WORK REQUEST
Output the lines of the entries below beginning at the one with "HF03NTC are the vehicle registration plates." and ending with the last, exactly as written and without pictures.

DATA SHOWN
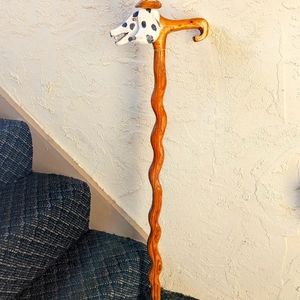 Vintage Handmade Wooden Cane Dalmatian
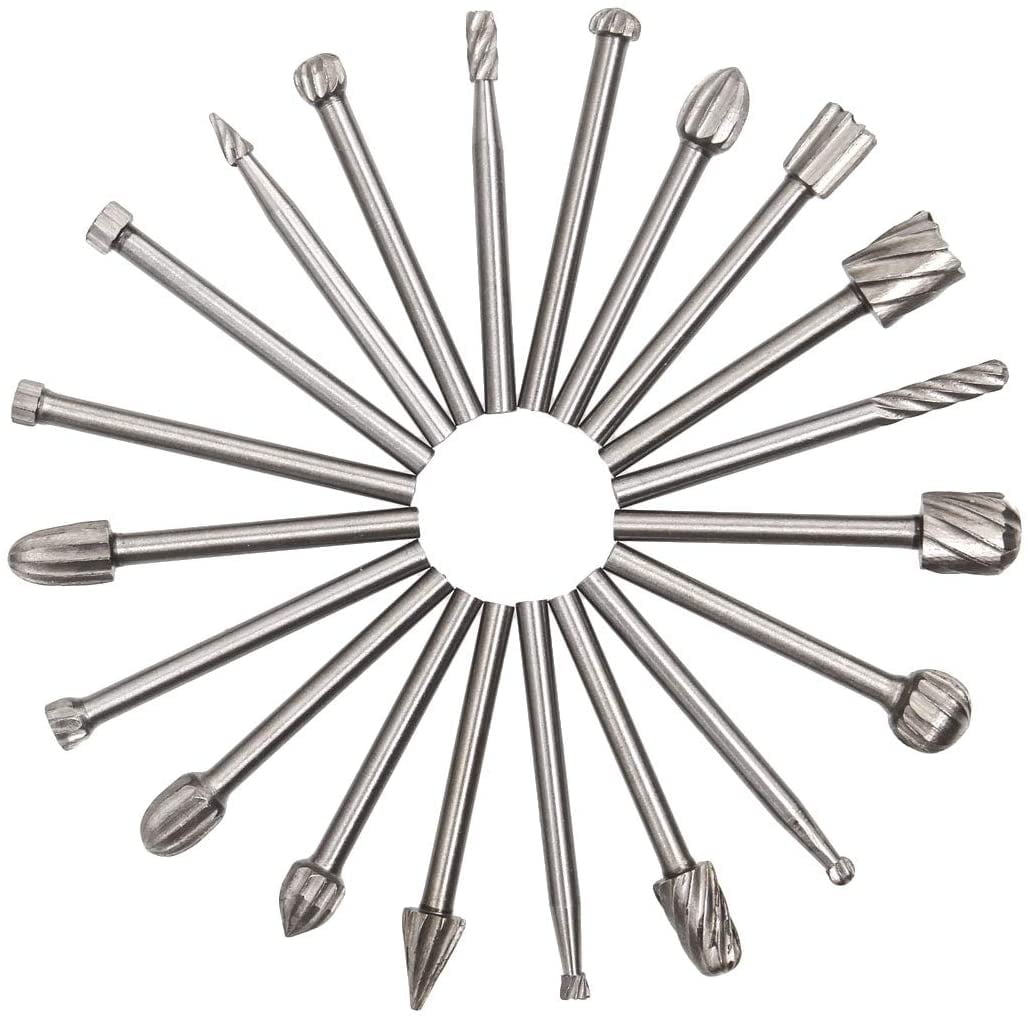 20Pcs High Speed Steel Rotary Cylindrical Carpentry Kinds Type Woodwork Tools 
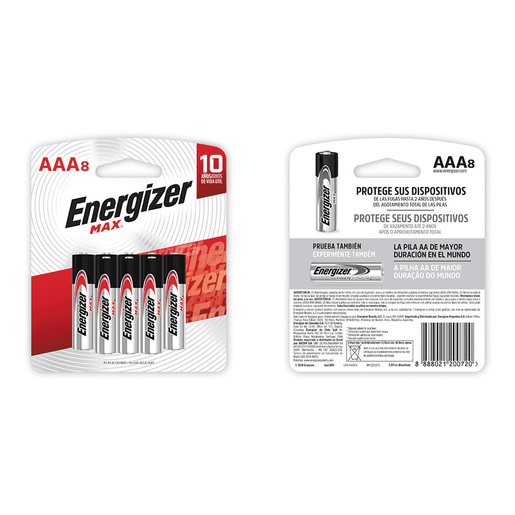 Pilas Alcalinas AAA Energizer Max Paquete 8 piezas | Office Depot Mexico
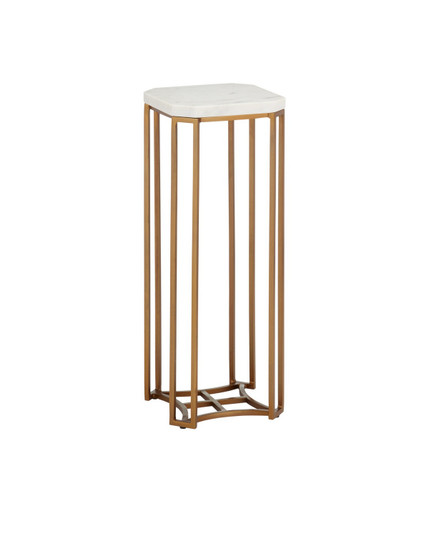 Ocho Drinks Table in White/Antique Brass (142|40000235)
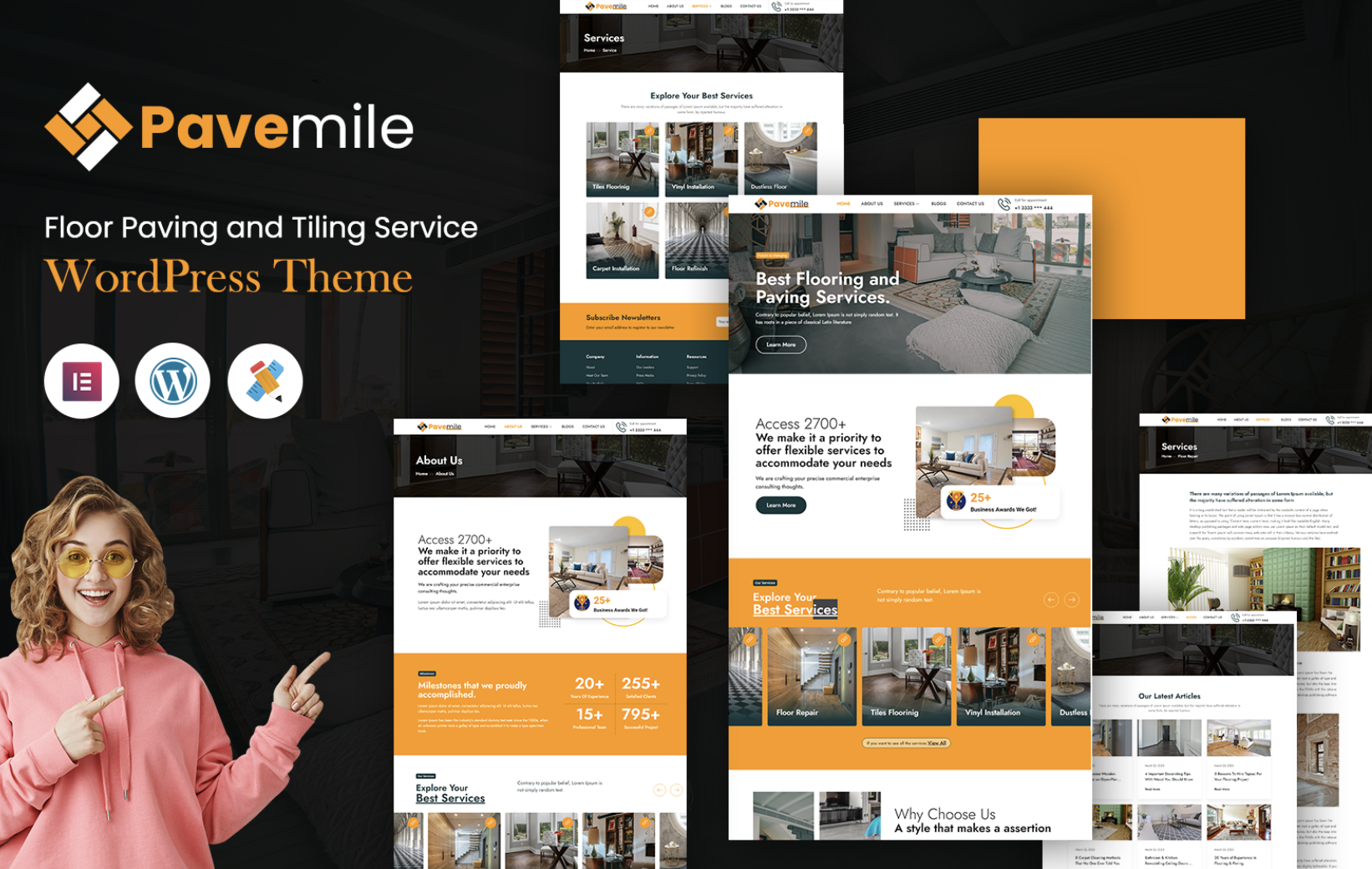 Pavemile - Floor Paving and Tiling Service WordPress Theme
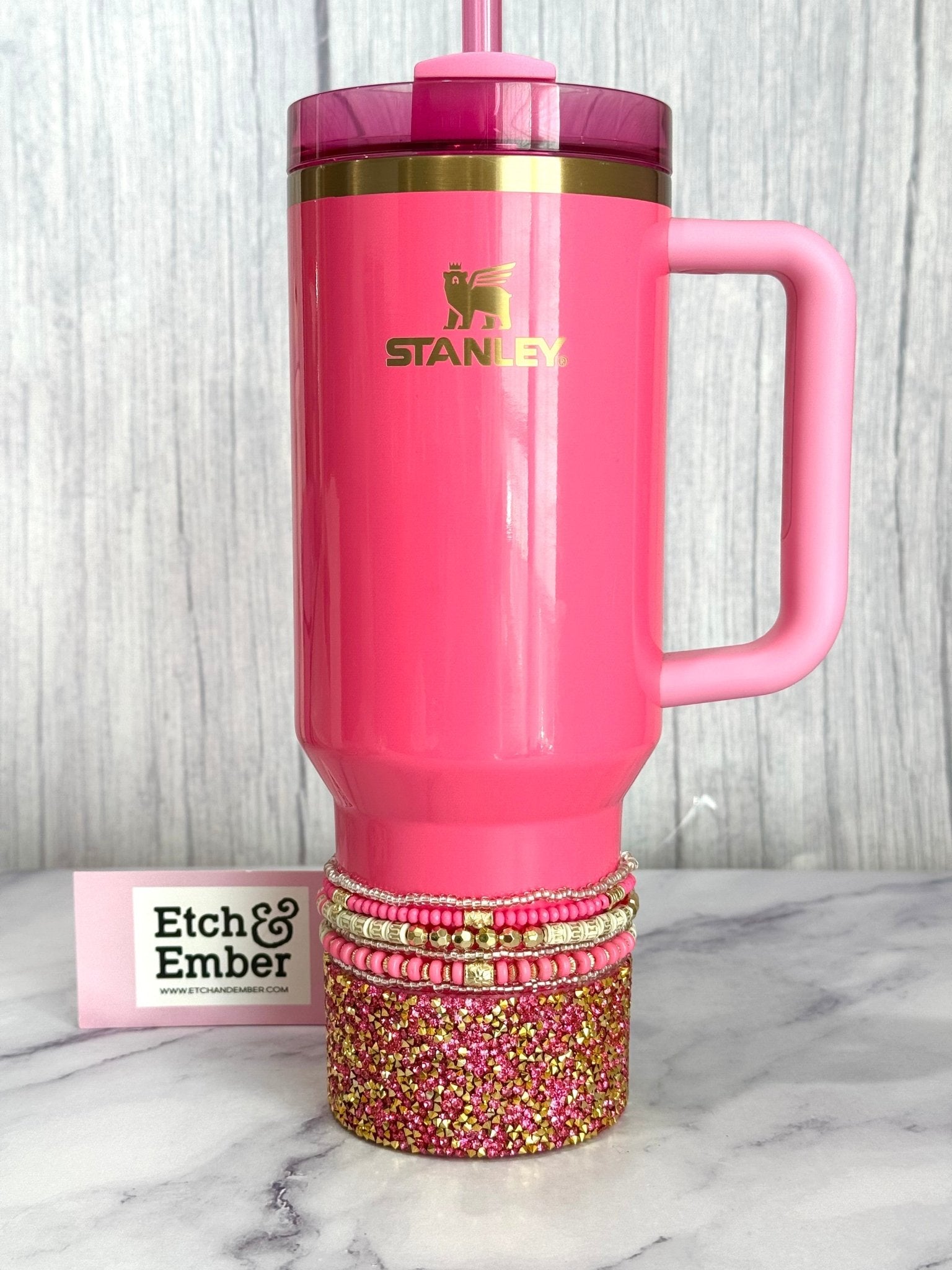 Pink & Gold Tumbler Bracelet Stack -fits 30-40oz - The Nifty Little Finds - Bracelet - The Nifty Little Finds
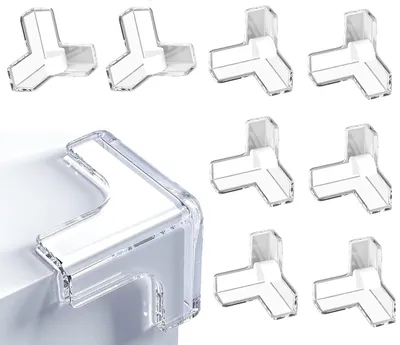 Safe-O-Kid  (Pack of 8) Transparent Triangle Silicon Corner Protectors for Sharp Edges, Baby Proofing Table & Bed Corner Guards for Kids, Furniture Edge Safety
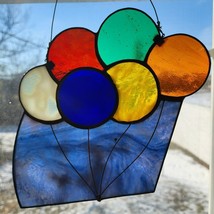 Handmade Stained Glass Sun Catcher 8&quot; Rainbow Balloons Sky Blue Window Hanging - £19.76 GBP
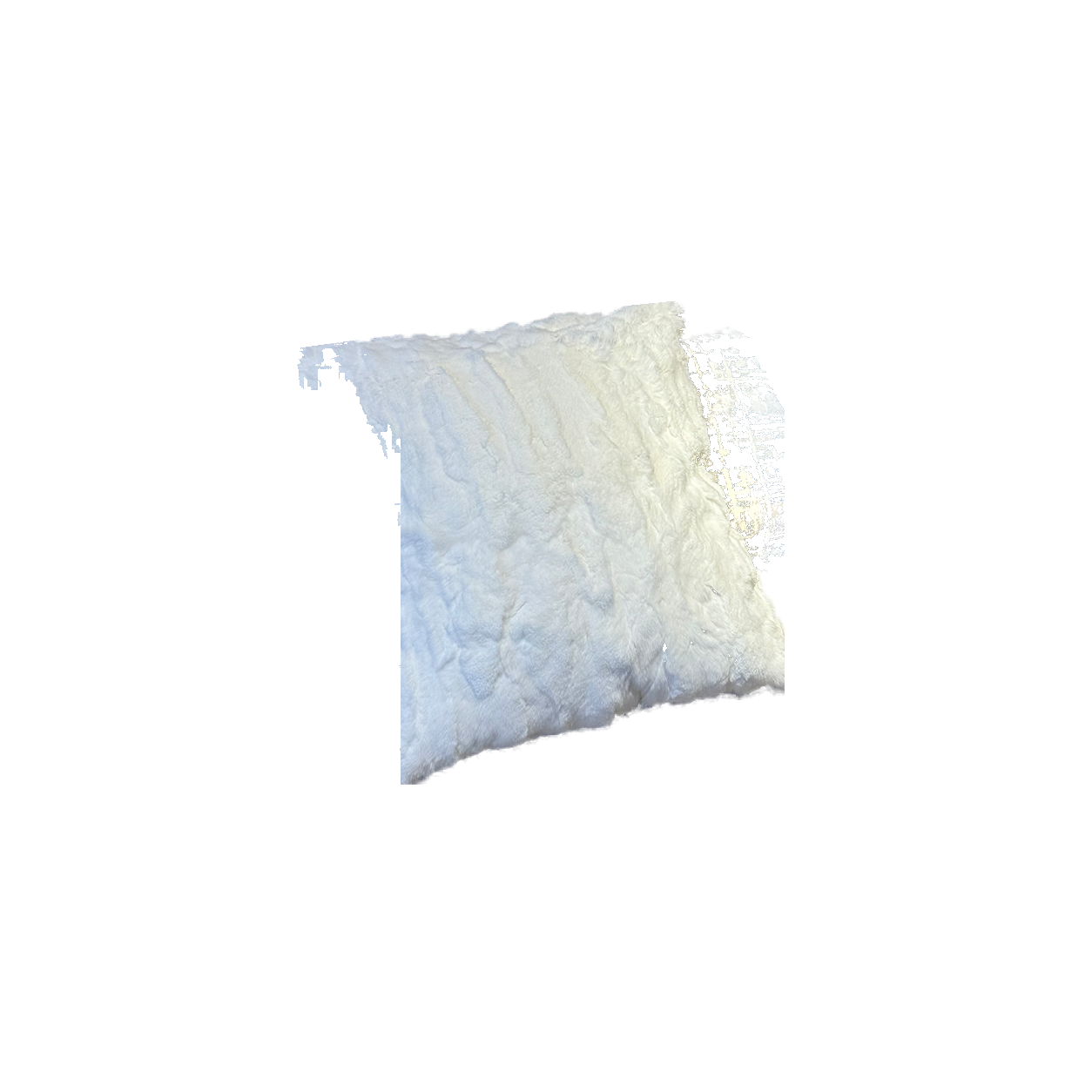 Capricornus Living Natural White (Rex Rabbit Fur) genuine rabbit fur throw pillow on a transparent background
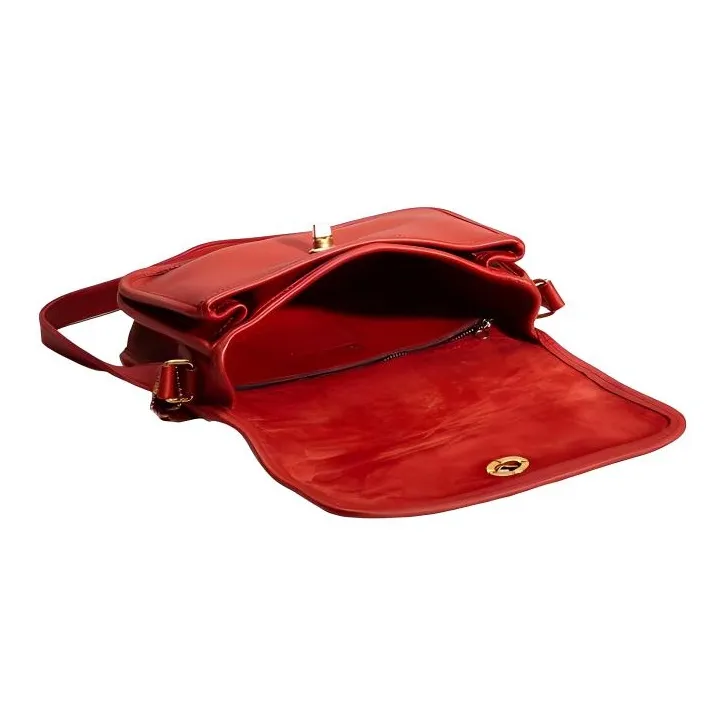 COACH Leather Vintage Buckles Shoulder Bag, Crossbody Bag Medium Size Women's Red-2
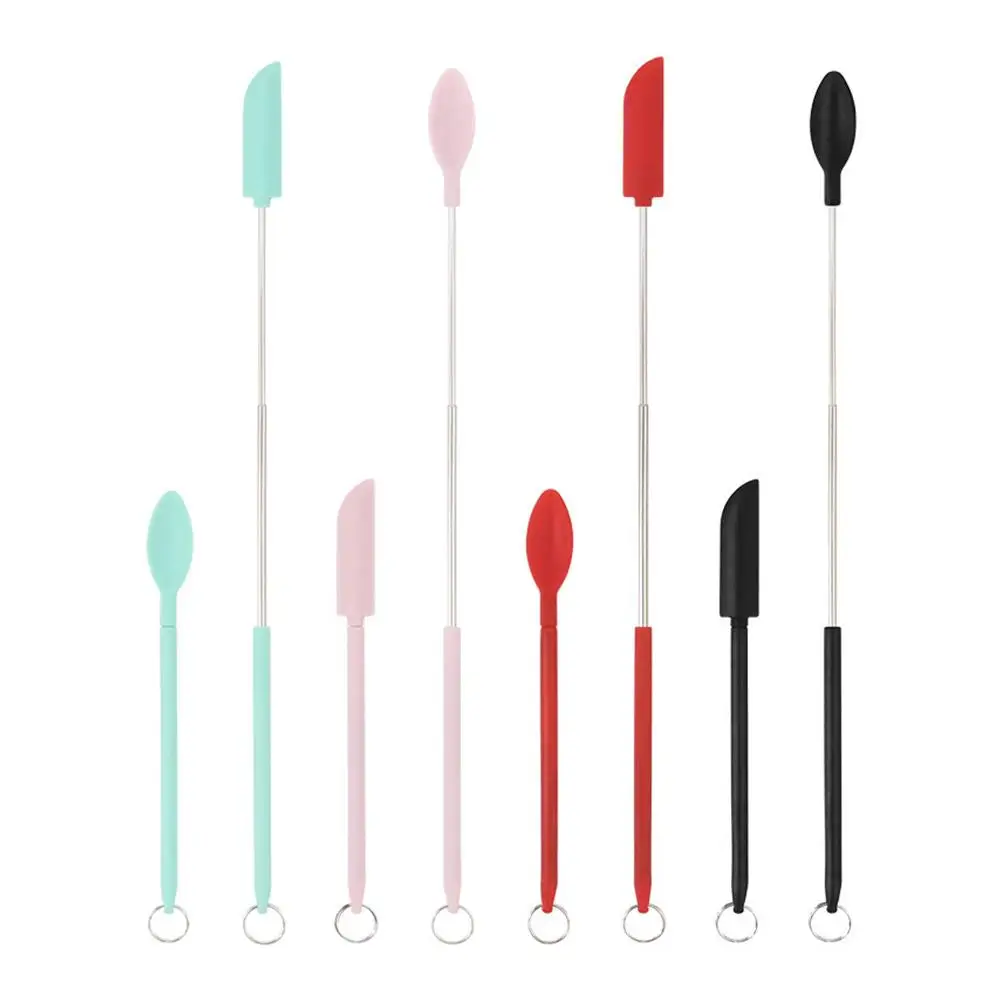 Mini Silicone Spatula Extendable Slicker-Spoon Cosmetic Bottle Jam Scraper Cream Retractable Spatula Scoop Baking Accessories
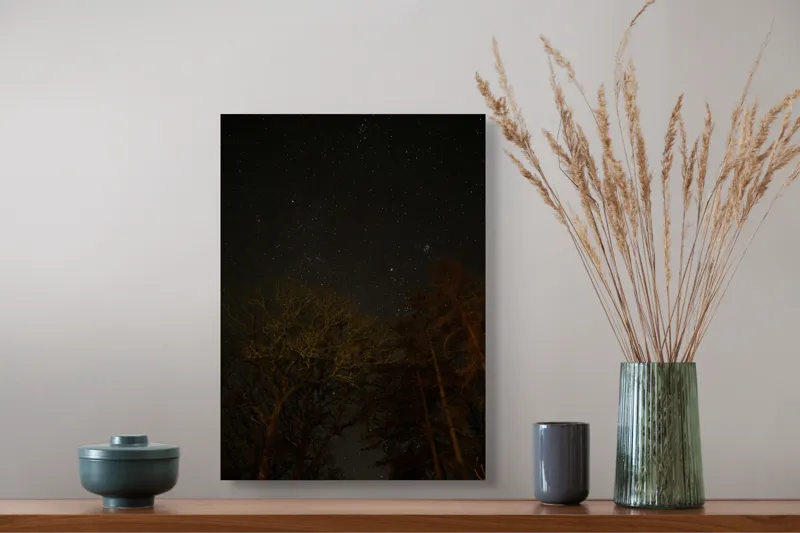 Tablou Canvas, "Stelele strălucesc peste pădurea întunecată", Stele, Cer, Noapte, Copaci, Natură, Lumină, Galaxie, Linie, Întuneric, Taină., 39 x 54 cm – poza 3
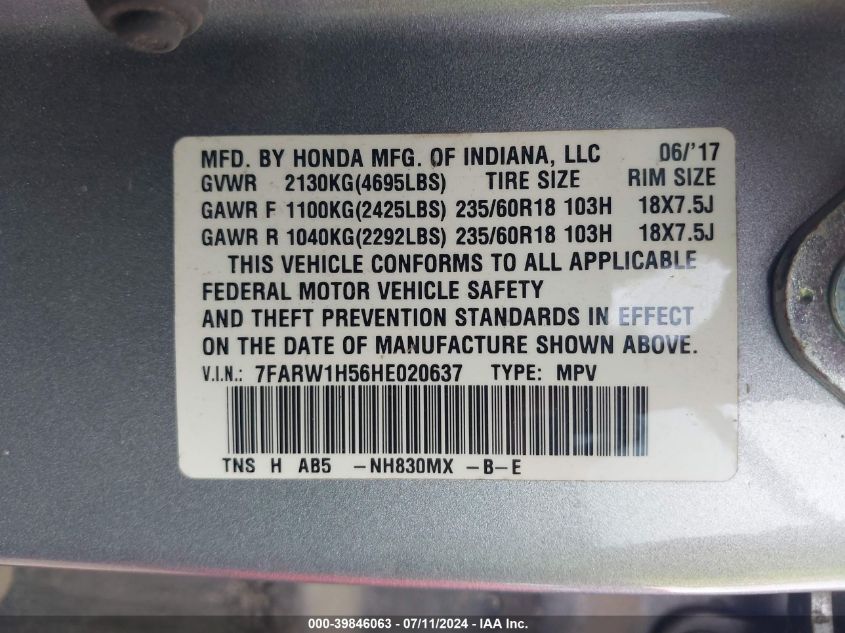 2017 HONDA CR-V EX - 7FARW1H56HE020637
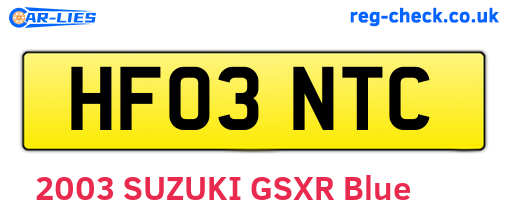 HF03NTC are the vehicle registration plates.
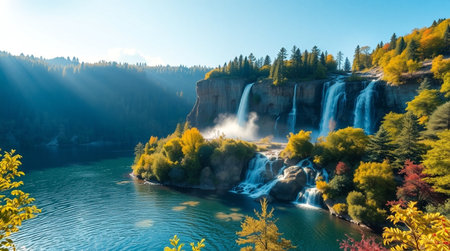 Quiet forest horizon creating a peaceful natural background.の写真素材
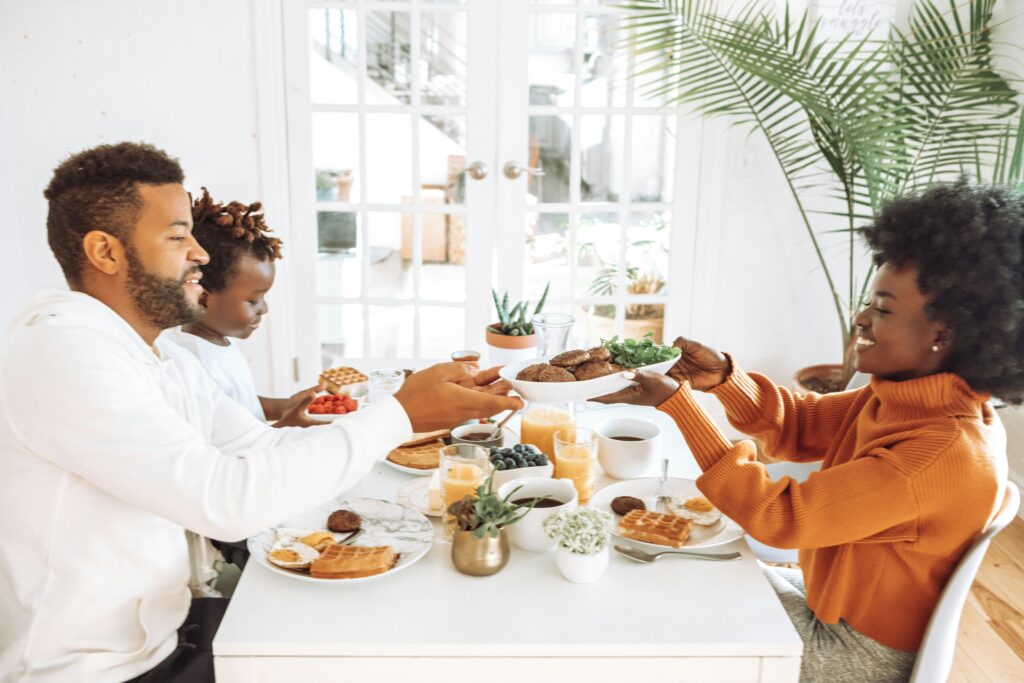 diverse family meal sharing gratitude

YOUR SOLUTION
 HF03NTC are the vehicle registration plates.
 Quiet forest horizon creating a peaceful natural background.の写真素材
 diverse family meal sharing gratitude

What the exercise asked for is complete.